The only reason you see problems posted by DILs on here is because there's a higher percentage of women posting overall. Nevertheless, I can think of one male poster who has had serious problems with his MIL.

CharlieSierra · 27/12/2016 12:48

The nature of the mother and son relationship does and should change when the son marries. The mother should no longer be the number one woman in the son's life

Totally disagree with this reasoning. I have never thought of myself as "the number one woman" in my son's lives though. I am their mother, and I will always be their mother. There is no competition between a mother and a partner, it's a completely different relationship.

Tanith · 27/12/2016 12:51

Oh, and Op - I remember often that I will one day become a MIL and I vow and declare I will never behave like my own MIL!

Scaredycat3000 · 27/12/2016 12:54

yoowhoo Your whole thread isn't very nice, I wish you hadn't started it, for those of us that have suffered, and watched our OH, DC, FIL, and others suffering at the hands of our MIL it is twisting the knife and very, very patronising.
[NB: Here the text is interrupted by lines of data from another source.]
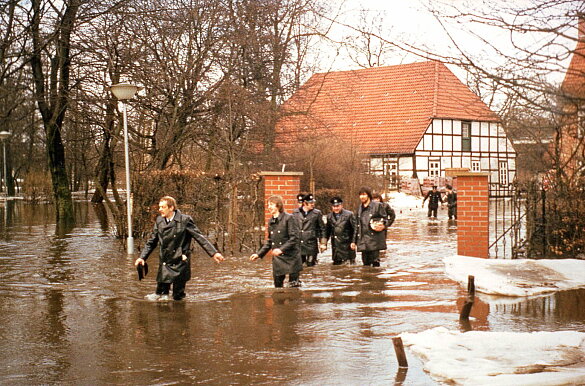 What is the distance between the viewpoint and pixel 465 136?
177 ft

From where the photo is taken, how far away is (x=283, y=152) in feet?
107

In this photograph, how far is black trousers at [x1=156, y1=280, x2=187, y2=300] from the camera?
11312 millimetres

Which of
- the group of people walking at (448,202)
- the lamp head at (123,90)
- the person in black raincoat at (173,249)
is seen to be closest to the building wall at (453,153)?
the group of people walking at (448,202)

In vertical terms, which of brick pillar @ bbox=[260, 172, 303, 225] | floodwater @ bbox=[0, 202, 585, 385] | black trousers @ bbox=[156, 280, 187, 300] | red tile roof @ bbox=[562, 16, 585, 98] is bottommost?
floodwater @ bbox=[0, 202, 585, 385]

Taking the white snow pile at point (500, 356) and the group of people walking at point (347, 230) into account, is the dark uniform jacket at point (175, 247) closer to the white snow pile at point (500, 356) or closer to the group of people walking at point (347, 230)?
the group of people walking at point (347, 230)

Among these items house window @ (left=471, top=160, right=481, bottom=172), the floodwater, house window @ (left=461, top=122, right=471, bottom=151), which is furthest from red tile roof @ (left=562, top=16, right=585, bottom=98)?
house window @ (left=471, top=160, right=481, bottom=172)

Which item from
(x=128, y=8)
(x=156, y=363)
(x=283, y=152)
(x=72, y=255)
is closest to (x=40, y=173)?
(x=283, y=152)

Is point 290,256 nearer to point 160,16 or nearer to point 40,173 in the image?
point 160,16

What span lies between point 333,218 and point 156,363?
28.6 ft

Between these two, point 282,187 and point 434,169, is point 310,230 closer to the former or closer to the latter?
point 282,187

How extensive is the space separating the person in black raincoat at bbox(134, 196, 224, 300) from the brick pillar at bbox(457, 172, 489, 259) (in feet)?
20.7

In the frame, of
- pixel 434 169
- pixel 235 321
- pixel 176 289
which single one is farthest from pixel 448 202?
pixel 235 321

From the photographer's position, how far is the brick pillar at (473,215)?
15656 millimetres

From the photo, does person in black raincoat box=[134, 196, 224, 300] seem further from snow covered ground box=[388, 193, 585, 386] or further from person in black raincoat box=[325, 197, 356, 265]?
person in black raincoat box=[325, 197, 356, 265] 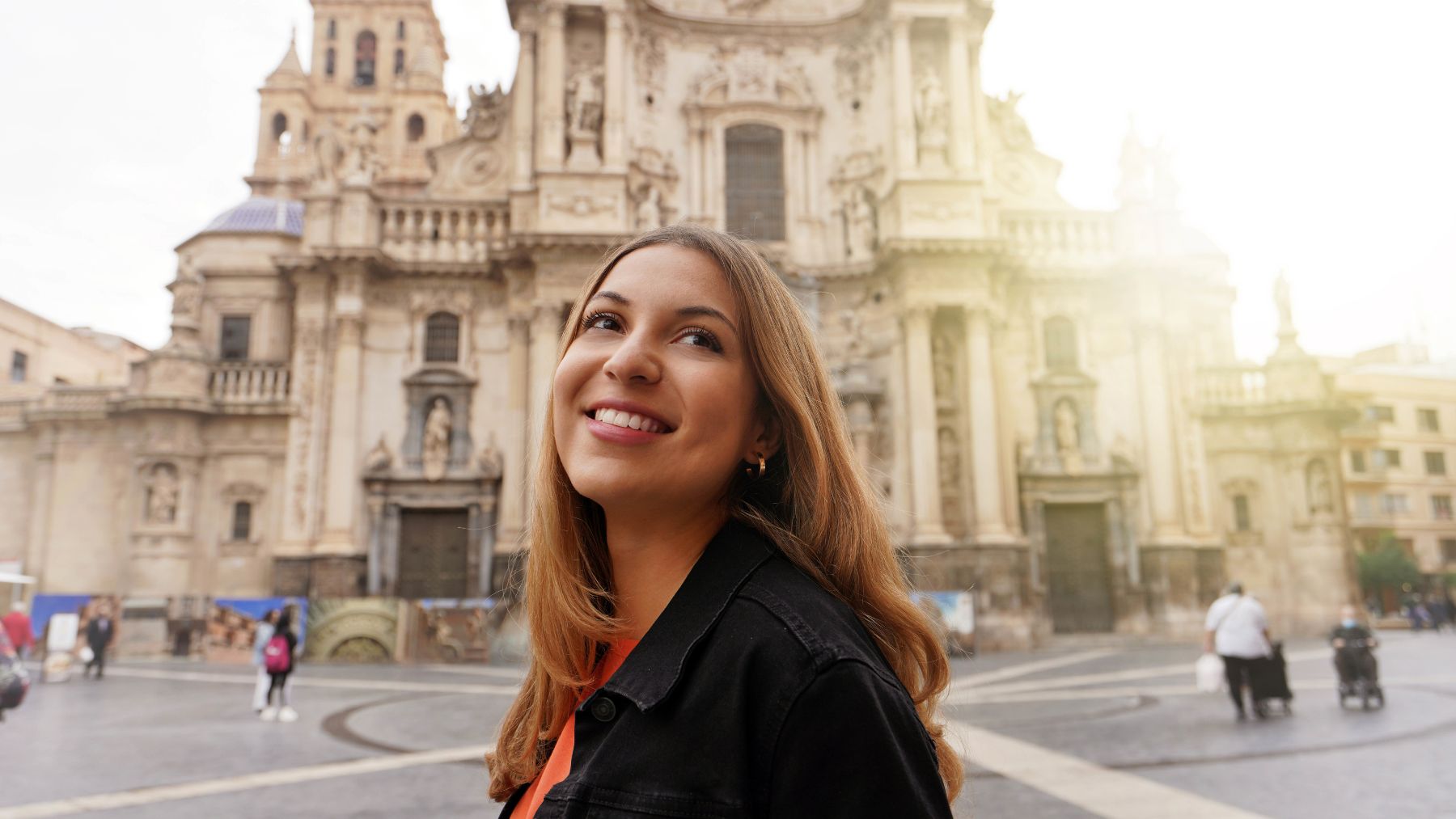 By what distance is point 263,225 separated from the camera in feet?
97.8

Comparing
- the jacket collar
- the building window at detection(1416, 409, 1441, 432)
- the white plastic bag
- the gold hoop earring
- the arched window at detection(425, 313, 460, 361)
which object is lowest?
the white plastic bag

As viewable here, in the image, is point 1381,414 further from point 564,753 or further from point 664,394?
point 564,753

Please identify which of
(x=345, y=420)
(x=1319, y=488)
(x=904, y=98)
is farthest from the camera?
(x=1319, y=488)

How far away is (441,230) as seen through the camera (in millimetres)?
25297

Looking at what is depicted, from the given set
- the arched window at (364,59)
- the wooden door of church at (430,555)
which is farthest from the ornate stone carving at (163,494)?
the arched window at (364,59)

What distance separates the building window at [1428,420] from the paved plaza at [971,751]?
17773 millimetres

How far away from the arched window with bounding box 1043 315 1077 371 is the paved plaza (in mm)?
11809

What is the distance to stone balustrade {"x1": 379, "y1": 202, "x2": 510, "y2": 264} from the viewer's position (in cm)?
2509

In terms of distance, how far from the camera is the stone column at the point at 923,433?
23.0 meters

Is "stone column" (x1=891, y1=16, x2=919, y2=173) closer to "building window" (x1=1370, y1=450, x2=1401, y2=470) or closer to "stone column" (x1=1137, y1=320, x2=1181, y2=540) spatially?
"stone column" (x1=1137, y1=320, x2=1181, y2=540)

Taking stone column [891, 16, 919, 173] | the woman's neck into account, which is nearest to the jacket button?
the woman's neck

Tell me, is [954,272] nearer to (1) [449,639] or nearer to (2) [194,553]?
(1) [449,639]

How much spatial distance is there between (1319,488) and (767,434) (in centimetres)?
2996

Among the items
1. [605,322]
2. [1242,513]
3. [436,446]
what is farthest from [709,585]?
[1242,513] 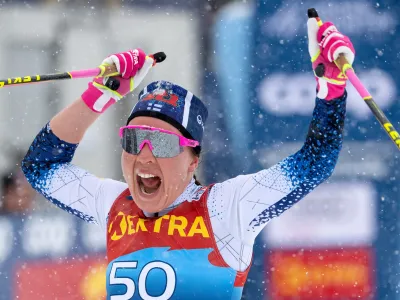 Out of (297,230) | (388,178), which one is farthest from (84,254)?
(388,178)

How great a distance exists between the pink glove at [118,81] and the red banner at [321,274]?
5.47 ft

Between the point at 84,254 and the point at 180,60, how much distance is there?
1168mm

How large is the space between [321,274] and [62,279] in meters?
1.39

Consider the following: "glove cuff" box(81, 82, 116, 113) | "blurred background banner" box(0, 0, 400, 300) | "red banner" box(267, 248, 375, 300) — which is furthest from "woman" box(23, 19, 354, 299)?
"red banner" box(267, 248, 375, 300)

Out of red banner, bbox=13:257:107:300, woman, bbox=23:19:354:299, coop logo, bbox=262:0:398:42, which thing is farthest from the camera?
coop logo, bbox=262:0:398:42

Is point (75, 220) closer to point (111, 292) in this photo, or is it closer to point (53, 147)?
point (53, 147)

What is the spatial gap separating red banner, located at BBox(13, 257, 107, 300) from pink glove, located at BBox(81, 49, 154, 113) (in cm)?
148

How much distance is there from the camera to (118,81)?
9.43 feet

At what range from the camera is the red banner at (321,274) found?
4258 millimetres

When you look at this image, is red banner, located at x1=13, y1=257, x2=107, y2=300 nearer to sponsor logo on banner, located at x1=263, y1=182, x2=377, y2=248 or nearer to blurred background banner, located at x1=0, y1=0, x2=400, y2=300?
blurred background banner, located at x1=0, y1=0, x2=400, y2=300

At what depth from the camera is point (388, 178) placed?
14.1 feet

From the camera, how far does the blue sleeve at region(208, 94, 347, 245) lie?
8.11 ft

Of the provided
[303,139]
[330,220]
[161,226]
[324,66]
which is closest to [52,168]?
[161,226]

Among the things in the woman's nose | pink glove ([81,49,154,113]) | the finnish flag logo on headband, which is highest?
pink glove ([81,49,154,113]) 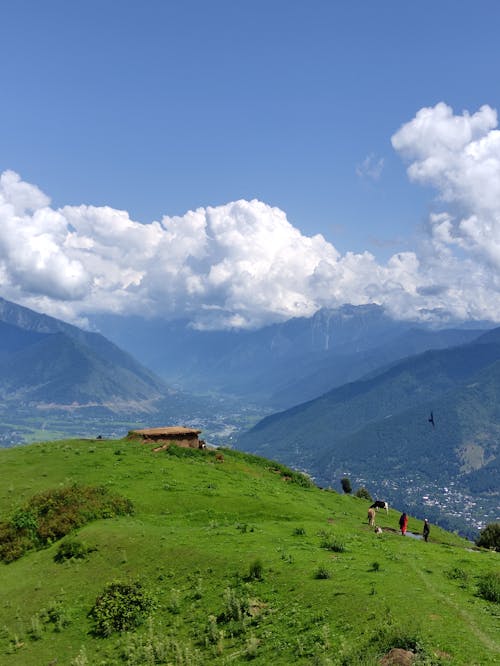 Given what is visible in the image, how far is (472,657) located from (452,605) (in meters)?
4.34

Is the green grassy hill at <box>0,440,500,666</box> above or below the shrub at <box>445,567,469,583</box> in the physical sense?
below

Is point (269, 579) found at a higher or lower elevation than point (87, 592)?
higher

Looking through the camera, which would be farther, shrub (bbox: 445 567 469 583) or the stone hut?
the stone hut

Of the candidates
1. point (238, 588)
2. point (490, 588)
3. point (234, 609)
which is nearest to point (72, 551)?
point (238, 588)

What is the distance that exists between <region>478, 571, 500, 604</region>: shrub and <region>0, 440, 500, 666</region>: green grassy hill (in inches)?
9.5

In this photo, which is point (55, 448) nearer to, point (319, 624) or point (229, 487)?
point (229, 487)

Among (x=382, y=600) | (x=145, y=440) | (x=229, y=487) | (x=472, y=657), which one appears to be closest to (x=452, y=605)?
(x=382, y=600)

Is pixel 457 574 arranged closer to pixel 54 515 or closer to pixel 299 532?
pixel 299 532

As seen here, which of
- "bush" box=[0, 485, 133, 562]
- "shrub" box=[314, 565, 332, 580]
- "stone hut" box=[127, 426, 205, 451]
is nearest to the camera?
"shrub" box=[314, 565, 332, 580]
BertrandRussell · 27/12/2016 12:55

Do you expect to be the number one woman in your son's lives? I don't think it works like that.

I see no reason why my dp's relationship with his parents should change just because of me. My relationship with my mother and father didn't change because of him.

Poole5 · 27/12/2016 12:57

Posters who are calling me heartless and patronising, please stop. I am 100% not being patronising

You are absolutely being patronising. To say to remind you all

Just remind yourself.

Lots of women get very badly treated by their MILs so to have you remind them that they will be a MIL one day is completely unnecessary

stonecircle · 27/12/2016 13:01

But I've seen plenty in the past where perhaps MIL wants to spend time with grandchild but it's always wrong or something...but if it was own mother it would be different.
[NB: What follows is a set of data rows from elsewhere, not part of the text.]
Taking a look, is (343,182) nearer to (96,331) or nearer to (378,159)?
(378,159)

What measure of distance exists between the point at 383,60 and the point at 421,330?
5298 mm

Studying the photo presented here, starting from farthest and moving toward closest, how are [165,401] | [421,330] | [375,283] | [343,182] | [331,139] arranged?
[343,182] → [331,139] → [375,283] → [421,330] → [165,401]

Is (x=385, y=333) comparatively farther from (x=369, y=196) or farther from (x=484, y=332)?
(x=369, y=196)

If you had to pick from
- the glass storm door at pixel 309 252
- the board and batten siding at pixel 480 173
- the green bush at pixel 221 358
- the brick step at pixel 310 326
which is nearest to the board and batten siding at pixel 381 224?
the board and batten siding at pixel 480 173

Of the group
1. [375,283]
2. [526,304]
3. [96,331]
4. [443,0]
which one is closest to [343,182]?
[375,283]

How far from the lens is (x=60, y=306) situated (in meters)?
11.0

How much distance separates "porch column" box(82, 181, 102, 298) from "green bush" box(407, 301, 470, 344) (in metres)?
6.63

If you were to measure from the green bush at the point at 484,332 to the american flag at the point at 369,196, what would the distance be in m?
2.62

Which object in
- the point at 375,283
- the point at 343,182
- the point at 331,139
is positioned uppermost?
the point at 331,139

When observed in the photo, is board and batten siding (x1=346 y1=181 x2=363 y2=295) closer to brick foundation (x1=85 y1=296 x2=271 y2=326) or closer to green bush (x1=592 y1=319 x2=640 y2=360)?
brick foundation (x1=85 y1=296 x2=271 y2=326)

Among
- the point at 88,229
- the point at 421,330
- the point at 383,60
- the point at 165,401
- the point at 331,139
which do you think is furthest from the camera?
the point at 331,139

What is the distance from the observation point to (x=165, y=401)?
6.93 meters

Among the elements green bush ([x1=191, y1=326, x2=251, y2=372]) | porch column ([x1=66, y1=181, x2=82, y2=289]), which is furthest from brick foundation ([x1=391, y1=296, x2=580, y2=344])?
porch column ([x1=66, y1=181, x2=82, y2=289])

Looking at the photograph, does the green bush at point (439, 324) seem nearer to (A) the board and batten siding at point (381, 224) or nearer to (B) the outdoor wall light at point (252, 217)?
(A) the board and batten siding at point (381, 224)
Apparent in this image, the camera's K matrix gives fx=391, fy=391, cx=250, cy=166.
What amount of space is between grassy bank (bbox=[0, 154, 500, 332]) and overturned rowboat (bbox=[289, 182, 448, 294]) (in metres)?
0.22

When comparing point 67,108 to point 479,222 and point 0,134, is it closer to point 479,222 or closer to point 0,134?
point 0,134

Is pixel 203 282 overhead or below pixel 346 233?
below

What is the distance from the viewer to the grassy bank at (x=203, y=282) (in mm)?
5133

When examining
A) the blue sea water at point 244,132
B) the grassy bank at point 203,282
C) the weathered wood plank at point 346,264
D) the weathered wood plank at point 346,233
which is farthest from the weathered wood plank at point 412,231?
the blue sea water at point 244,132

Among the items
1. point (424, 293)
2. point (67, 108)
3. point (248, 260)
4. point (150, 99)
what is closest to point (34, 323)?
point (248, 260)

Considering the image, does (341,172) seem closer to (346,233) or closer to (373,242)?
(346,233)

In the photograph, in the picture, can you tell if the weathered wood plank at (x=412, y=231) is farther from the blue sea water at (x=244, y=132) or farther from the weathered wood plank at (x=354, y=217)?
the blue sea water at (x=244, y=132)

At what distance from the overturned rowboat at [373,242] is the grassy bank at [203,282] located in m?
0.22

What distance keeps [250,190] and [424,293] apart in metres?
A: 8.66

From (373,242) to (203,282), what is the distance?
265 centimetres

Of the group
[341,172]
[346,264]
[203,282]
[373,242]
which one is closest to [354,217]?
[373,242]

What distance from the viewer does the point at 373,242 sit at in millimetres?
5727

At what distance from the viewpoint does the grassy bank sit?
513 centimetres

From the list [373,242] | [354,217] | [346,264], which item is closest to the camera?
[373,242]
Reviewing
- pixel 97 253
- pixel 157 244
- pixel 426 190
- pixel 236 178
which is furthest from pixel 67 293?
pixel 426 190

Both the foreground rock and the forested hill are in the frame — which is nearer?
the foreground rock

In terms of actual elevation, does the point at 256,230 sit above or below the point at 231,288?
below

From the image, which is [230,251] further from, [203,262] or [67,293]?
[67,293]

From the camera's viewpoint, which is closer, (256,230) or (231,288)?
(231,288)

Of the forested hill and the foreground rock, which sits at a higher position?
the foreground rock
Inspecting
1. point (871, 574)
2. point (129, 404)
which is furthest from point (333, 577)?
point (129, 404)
Youwho - but isn't this understandable a bit? My PILs lived 250 miles away from us. When I had ds1 I'd met MIL about 3 or 4 times. She was very different to my own mum whom I naturally wanted to spend more time with. Is that so wrong?

My MIL is neither mean nor abusive. She is a very kind, mild mannered and generous woman. But she caused me no end of stress when my dcs were little because she behaved as if they were first and foremost her dgc and my dcs second. When I had dc3 she still thought she knew best even though she'd had 1 dc 40 years earlier. The fact that she had given cow's milk and chocolate to DH when he was a few weeks old meant it was fine for her to try and do the same with my dcs. It was never, 'of course if you don't want me to do that I won't '. It was always 'but it never did my DS any harm'. She'd take an exclusively breast fed, few months old baby out for an hour or two and come back hours and hours later - then look hurt that I was tearing my hair out Hmm. She'd buy loads of silly sailor suit/fussy outfits that she wanted to dress him up in and if we suggested exchanging for something more practical (money was tight then) she'd look hurt and say she'd lost the receipt so would just keep the clothes for him to wear at her house when we visited.

All things which on their own seem trivial but added up used to drive me round the bend. She's 85 now, newly widowed and very frail. My heart goes out to her and I'm sad we couldn't have had a better relationship years ago.

glueandstick · 27/12/2016 13:02

I'll do my best to be lovely to my children in law and not dictatorial and rude.